Bitcoin, the invisible laundering of mafias and international terrorism

They will also be virtual but the damage to the economy and the fight against money laundering, organized crime and international terrorism are real.
In 2014, the Financial Action Task Force Group
(Gafi-Fatf), the independent intergovernmental body that develops and promotes policies aimed at protecting the global financial system against money laundering, terrorist financing and the proliferation of weapons, has not used half measures on bitcoin.

“Virtual currencies and bitcoins in particular are the wave of the future for payment systems – reads the report – and provide a new and powerful tool for criminals, terrorists, financiers and tax evaders, allowing them to circulate and store funds illegal, out of the reach of the law “.

Launched in 2009, bitcoin was the first decentralized convertible virtual currency, that is – as recalled by General Stefano Screpanti, head of the III Operations Department of the General Command of the Gdf on April 27, 2016 before the Finance Commission of the Chamber – not issued from a central bank or public authority and the first “crypto currency”.

Complete anonymity

Bitcoins are in fact units of account composed of unique strings of numbers and letters that make up units of money and have value only because individual users are willing to pay for them. Bitcoin Cash addresses, which therefore function as current accounts, have no customer names or other identification and the system has no server or centralized service. And, as General Screpanti recalled again in the hearing of 27 April 2016, “the operators offering this service are not among the recipients of the anti-money laundering legislation as they are therefore not required to comply with the obligations of customer due diligence, registration of data and suspicious transaction reports’.

The billions swallowed up by the black hole of money transfers

The same concept, just a few days earlier (on April 19, 2016) and in the same forum, had been expressed by Claudio Clemente, director of the Financial Information Unit (Uif) of the Bank of Italy.
Operators and users are, in short, totally anonymous and investigators and investigators do not have a “target” to hit.
Bitcoins are digitally traded between users and can be exchanged (purchased or cashed) in dollars, euros and other current or virtual currencies.
Anyone can download software from a website to send, receive and store bitcoins and track transactions.
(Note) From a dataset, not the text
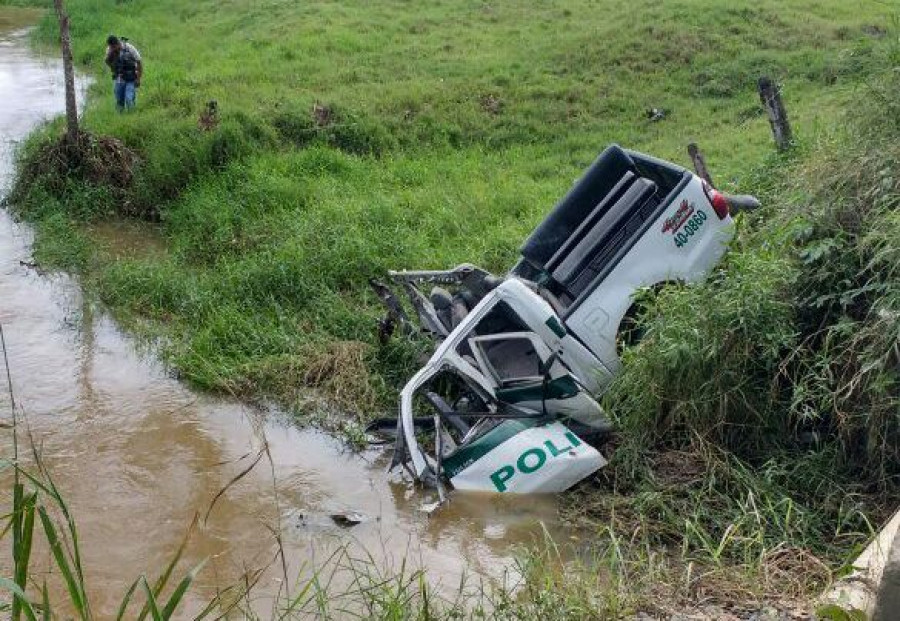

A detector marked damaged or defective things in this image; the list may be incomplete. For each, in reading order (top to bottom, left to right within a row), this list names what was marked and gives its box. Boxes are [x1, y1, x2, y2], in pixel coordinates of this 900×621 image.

overturned white pickup truck [370, 144, 756, 494]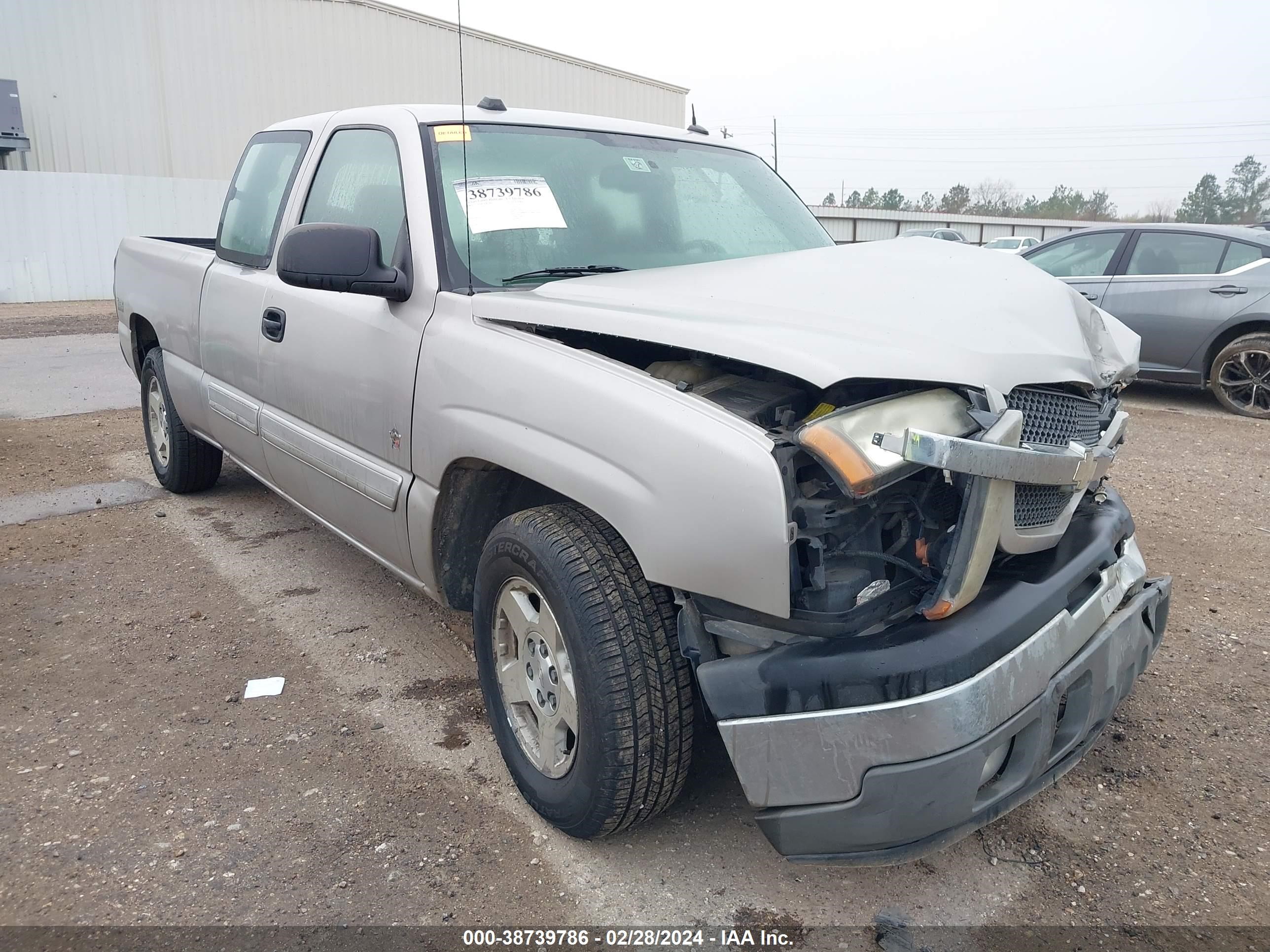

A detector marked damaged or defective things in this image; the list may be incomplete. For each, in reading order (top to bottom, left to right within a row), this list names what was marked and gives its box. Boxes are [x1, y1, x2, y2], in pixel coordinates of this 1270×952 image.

crumpled hood [475, 239, 1143, 393]
exposed headlight assembly [797, 388, 975, 500]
Users can also get bitcoin addresses, which function as checking accounts, in an online wallet service.
Fatf Gafi has calculated that by 2140 21 million bitcoins will be registered (but each unit can be divided into small parts) and already in April 2014 he had calculated more than 12.5 million bitcoins, for a value of over 5.5 billion dollars.

Those money transfers that feed the coffers of Islamic terrorism

The alarm of international organizations
In October 2015, with a new report on the risks of terrorist financing, Fatf Gafi returned to dealing with bitcoins and raised the level of attention by reporting a school case.

On August 28, 2015, Ali Shukri Amin, from Virginia (USA), was sentenced to 11 years in prison for conspiring to provide Isis material, support and resources through the use of the Internet. Amin pleaded guilty on June 11, 2015 and admitted using twitter to provide advice and support to Isis and its supporters. Amin, through twitter, provided instructions on how to use bitcoin to mask the provision of funds for Isis and helped supporters who wanted to go to Syria to fight.
On the occasion, Fatf Gafi stressed that judicial authorities around the world are concerned about the use of virtual currencies by terrorist organizations. The world has seen the use of websites affiliated with terrorist organizations to promote the use of bitcoins and chats between extremists on virtual currencies grow dramatically – the report recalls. Fatf Gafi recalls the case of a blog linked to Isis which proposed using bitcoin to finance extremists.

Cases to attention

It was not the first case that Fatf Gafi brought to the attention of world public opinion. In September 2013, the US Department of Justice unearthed an investigation into Ross Ulbricht, owner and operator of “silk road”, a cleverly concealed website designed to allow users to purchase and illegally and anonymously selling drugs, weapons, stolen identities and other illegal goods and services, engaging in drug trafficking, hacking and money laundering, beyond any investigative control. Ulbricht was sentenced to life imprisonment but his lawyer filed an appeal on 8 January 2016.

The Justice Department seized the website and about 173,991
bitcoin, worth over $ 33.6 million. The survey estimated a global turnover, since its creation in 2011, of 1.2 billion dollars through the use of more than 9.5 million bitcoins. Commissions ranged from 8 to 15% of the total sale price.

On November 7, 2014, with a new operation called “Silk road 2”, the FBI proceeded to the closure of another cleverly concealed site, with which the manager had tried to retrace the exploits of the previous one.